## WHAT THIS TASK INVOLVES
Would it be possible to reproduce every entry exactly, please?

** THE DATA follows **

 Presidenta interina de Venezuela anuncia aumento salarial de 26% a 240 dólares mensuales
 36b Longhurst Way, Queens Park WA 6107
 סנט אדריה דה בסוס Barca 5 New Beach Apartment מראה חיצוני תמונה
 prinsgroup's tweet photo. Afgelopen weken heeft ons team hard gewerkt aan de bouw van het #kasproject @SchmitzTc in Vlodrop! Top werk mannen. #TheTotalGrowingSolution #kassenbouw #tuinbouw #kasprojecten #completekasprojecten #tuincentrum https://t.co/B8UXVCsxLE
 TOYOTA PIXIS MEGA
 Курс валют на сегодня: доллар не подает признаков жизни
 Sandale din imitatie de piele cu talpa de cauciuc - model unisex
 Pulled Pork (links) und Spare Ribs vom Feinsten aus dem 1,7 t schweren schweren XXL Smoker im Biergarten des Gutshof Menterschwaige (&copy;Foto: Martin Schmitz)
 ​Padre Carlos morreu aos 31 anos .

** End of THE DATA **

## ANSWER SECTION
 Presidenta interina de Venezuela anuncia aumento salarial de 26% a 240 dólares mensuales
 36b Longhurst Way, Queens Park WA 6107
 סנט אדריה דה בסוס Barca 5 New Beach Apartment מראה חיצוני תמונה
 prinsgroup's tweet photo. Afgelopen weken heeft ons team hard gewerkt aan de bouw van het #kasproject @SchmitzTc in Vlodrop! Top werk mannen. #TheTotalGrowingSolution #kassenbouw #tuinbouw #kasprojecten #completekasprojecten #tuincentrum https://t.co/B8UXVCsxLE
 TOYOTA PIXIS MEGA
 Курс валют на сегодня: доллар не подает признаков жизни
 Sandale din imitatie de piele cu talpa de cauciuc - model unisex
 Pulled Pork (links) und Spare Ribs vom Feinsten aus dem 1,7 t schweren schweren XXL Smoker im Biergarten des Gutshof Menterschwaige (&copy;Foto: Martin Schmitz)
 ​Padre Carlos morreu aos 31 anos .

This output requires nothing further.